Thursday, October 25, 2007

The Great Train Robbery (Edwin S. Porter, 1903)

First things first...





Couldn’t say it any better than this citation from Tim Dirks’ invaluable website, www.filmsite.org:

“One of the milestones in film history was the first narrative film, The Great Train Robbery (1903), directed and photographed by Edwin S. Porter - a former Thomas Edison cameraman. It was a primitive one-reeler action picture, about 10 minutes long, with 14-scenes, filmed in November 1903 - not in the western expanse of Wyoming but on the East Coast in various locales in New Jersey (at Edison's New York studio, at EssexCounty Park in New Jersey, and along the Lackawanna railroad)."




"The film was originally advertised as "a faithful duplication of the genuine 'Hold Ups' made famous by various outlaw bands in the far West." The plot was inspired by a true event that occurred on August 29, 1900, when four members of George Leroy Parker's (Butch Cassidy) 'Hole in the Wall' gang halted the No. 3 train on the Union Pacific Railroad tracks toward Table Rock, Wyoming.

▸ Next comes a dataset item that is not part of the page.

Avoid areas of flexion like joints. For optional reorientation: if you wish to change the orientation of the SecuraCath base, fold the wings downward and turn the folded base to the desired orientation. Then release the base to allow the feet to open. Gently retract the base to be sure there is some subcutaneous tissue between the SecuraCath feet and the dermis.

The bandits forced the conductor to uncouple the passenger cars from the rest of the train and then blew up the safe in the mail car to escape with about $5,000 in cash."




"The film used a number of innovative techniques, many of them for the first time, including parallel editing, minor camera movement, location shooting and less stage-bound camera placement. Jump-cuts or cross-cuts were a new, sophisticated editing technique, showing two separate lines of action or events happening continuously at identical times but in different places. The film is intercut from the bandits beating up the telegraph operator (scene one) to the operator's daughter discovering her father (scene ten), to the operator's recruitment of a dance hall posse (scene eleven), to the bandits being pursued (scene twelve), and splitting up the booty and having a final shoot-out (scene thirteen). The film also employed the first pan shots (in scenes eight and nine), and the use of an ellipsis (in scene eleven). Rather than follow the telegraph operator to the dance, the film cut directly to the dance where the telegraph operator enters. It was also the first film in which gunshots forced someone to dance (in scene eleven) - an oft-repeated, cliched action in many westerns. And the spectacle of the fireman (replaced by a dummy with a jump cut in scene four) being thrown off the moving train was a first in screen history.”




“Scene 4: The tender and the interior of the locomotive cab, looking toward the front of the train: The train is moving about 40 mph. While the two bandits have been robbing the mail car, another bandit climbs over the tender and holds the engineer at gunpoint. A fourth bandit struggles with the fireman, who has seized a coal shovel for defense and climbed up on the tender. They have a fist-fight on the tender until they fall. The bandit has the advantage - he lands on top of the fireman. He takes a lump of coal and strikes the fireman on the head until he is unconscious. Then after overpowering him, he hurls the victim's body off the top of the moving train. [This was a startling special effect, although it was only a dummy figure.] The two bandits force the engineer to bring the train to a stop.”

review by Tim Dirks / excerpts used by kind permission
http://www.filmsite.org/grea.html





This, historically, the first example of a dummy-death in film, is also, thankfully, a primo example!

The transition from man to dummy is bold and confidant. The shocking violence against the fireman character sutures the audience’s stunned involvement to the act they, as pure voyeurs, are helpless to prevent. The jump-cut to the dummy transcends the stuffed-clothes nature of the dummy itself by it’s ultimate insistence that the dummy is still the character of the fireman.

Note that even though the initial audience for this effect were not used to 1) seeing violence of this degree and 2) seeing this entirely cinematic effect, audiences today and forever are asked to similarly accept and react to that very simple visual bridge between real and unreal. It is an effect that begs to simultaneously be taken for granted and reacted to. If the effect were performed entirely by the actor, the impact would be greatly lessened, though visually it would be more “believable.” It is essential to have the substitution of dummy for man for the sustained frisson to occur.

So ultimately, and most probably inadvertantly, THE GREAT TRAIN ROBBERY provides, amongst many firsts in such a deceptively literal film, the first cinematic lesson in existential visual metaphor - though it is born consciously out of a practical necessity on the part of the filmmakers - and though, that metaphor is individual to each viewer; even indistinct or non-existant to some depending on the viewer's acceptance or rejection of the dummy-death.

Cinema/Character must be literally, instantly swapped out of his physical “life” to sell the jolt of the violent act, but in doing so, agitates the Cinema/Viewer’s complex subconscious concerns of just such a replacement.



post © Howard S. Berger & Kevin Marr

2 comments:

Poppy said...

Great job, guys....keep the good stuff coming!

Geri Chappelle said...

Thanks for the info. I am going to show a high school music appreciation class the film and will use the comments posted to enhance the viewing. You added some info that I did not have.